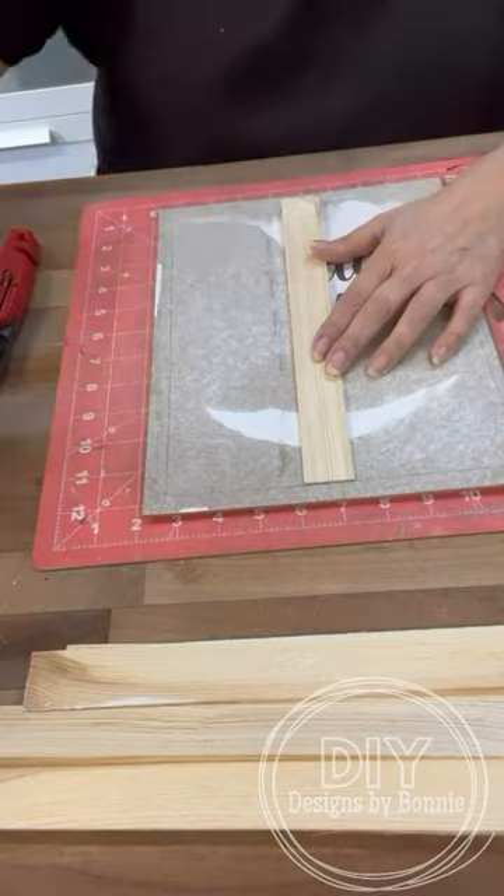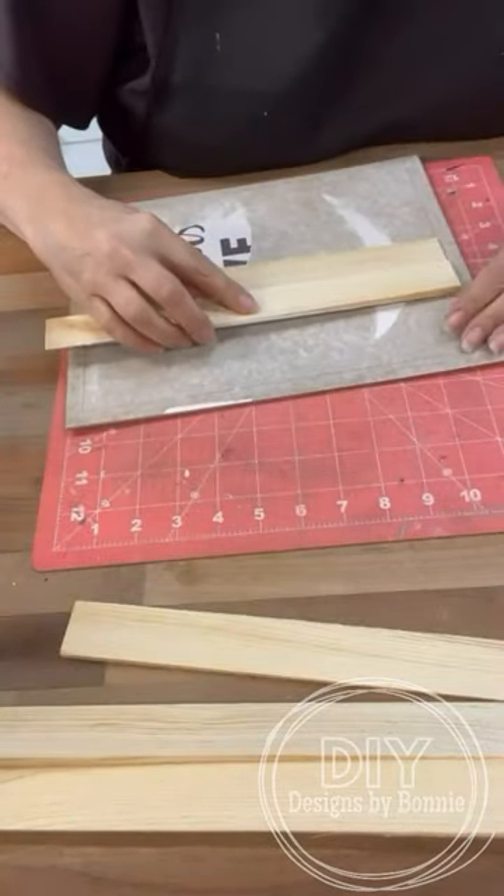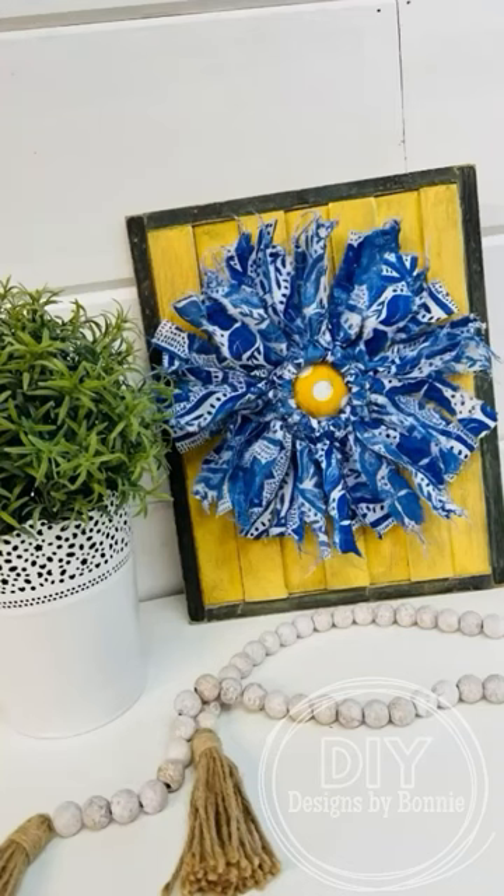And then I'm going to take this frame apart and stagger some shims for the background of the frame. Put the edges back on, paint it up, and look how adorable. Follow for more.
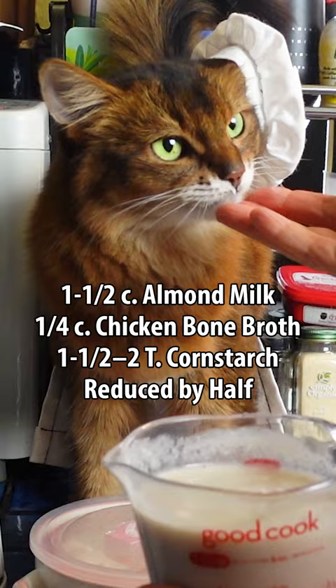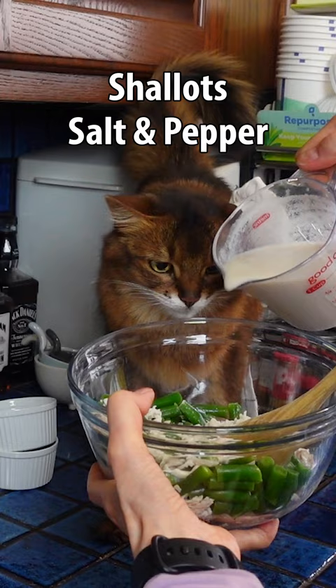Just assemble the ingredients except for the pie crust in individual ramekins. I'm adding a bit more spice for mine — some chopped shallots, salt and pepper, because I'm a human and I can.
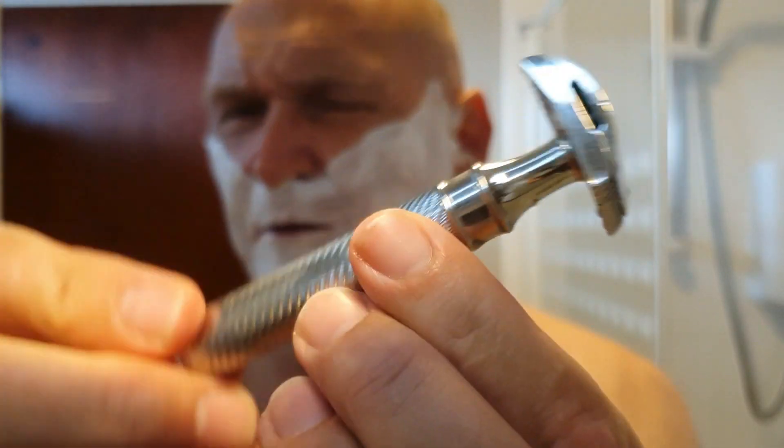Just look at the handle right now — when it's wet, the grip's not amazing, so you do have to keep your hands pretty clean during the shave.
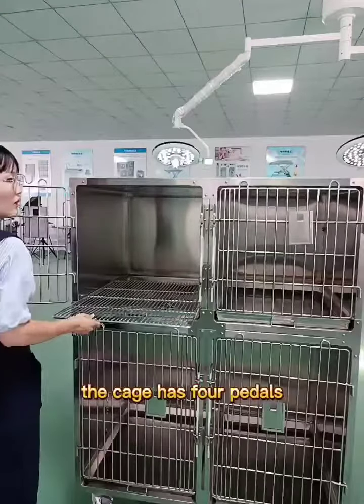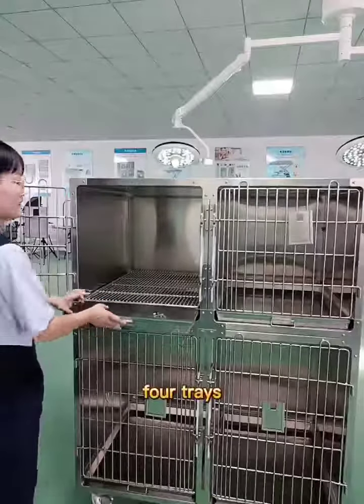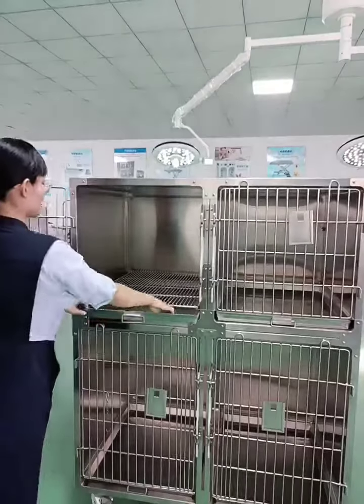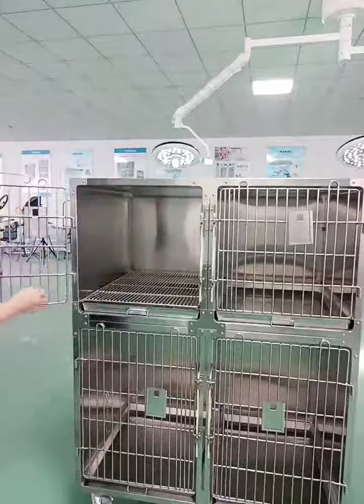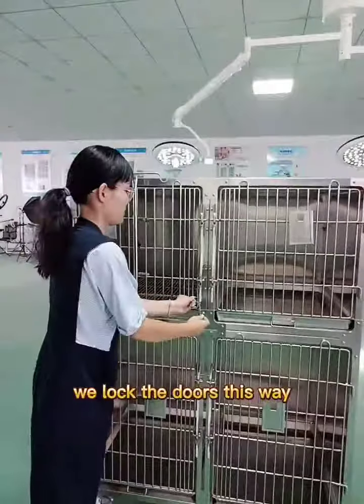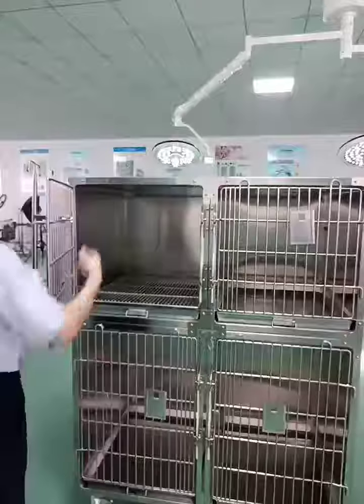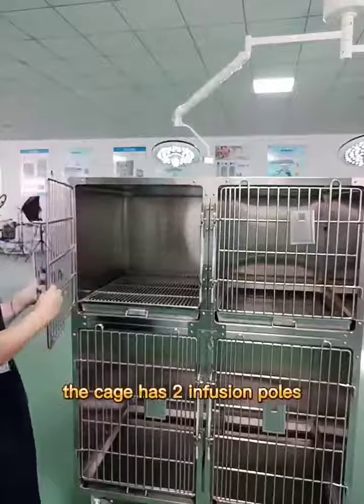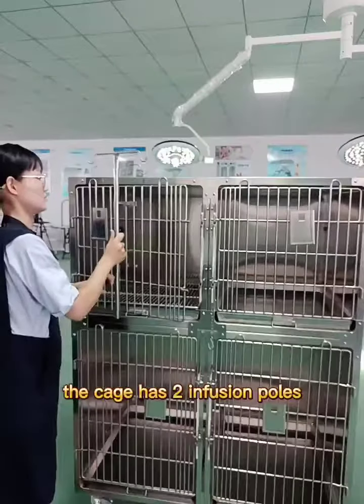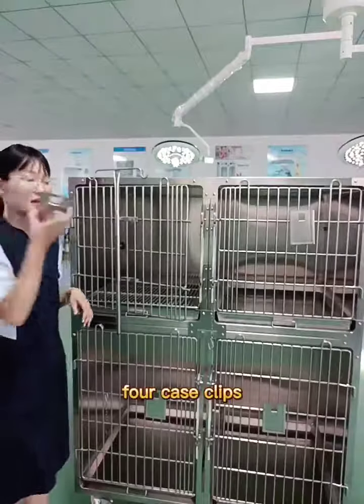The cage has 4 pedals and 4 trays. This is a lock — we lock the doors this way. The cage also has 2 infusion poles and 4 case clips.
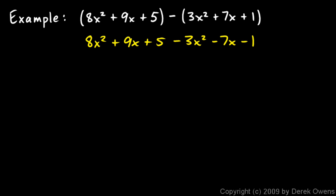Then I can combine like terms. I have 8x squared and minus 3x squared — that gives me 5x squared. And I have a 9x and a minus 7x — that gives me a positive 2x. And then the 5 and the minus 1 give me a plus 4. So 5x squared plus 2x plus 4 is the answer.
━━━━━━━━
■ **Task goal**
Only the pictures are to be left out; restate everything else in the listing word for word.

■ **Exercise response**
And then I'm going to take this frame apart and stagger some shims for the background of the frame. Put the edges back on, paint it up, and look how adorable. Follow for more.
Just assemble the ingredients except for the pie crust in individual ramekins. I'm adding a bit more spice for mine — some chopped shallots, salt and pepper, because I'm a human and I can.
Just look at the handle right now — when it's wet, the grip's not amazing, so you do have to keep your hands pretty clean during the shave.
The cage has 4 pedals and 4 trays. This is a lock — we lock the doors this way. The cage also has 2 infusion poles and 4 case clips.
Then I can combine like terms. I have 8x squared and minus 3x squared — that gives me 5x squared. And I have a 9x and a minus 7x — that gives me a positive 2x. And then the 5 and the minus 1 give me a plus 4. So 5x squared plus 2x plus 4 is the answer.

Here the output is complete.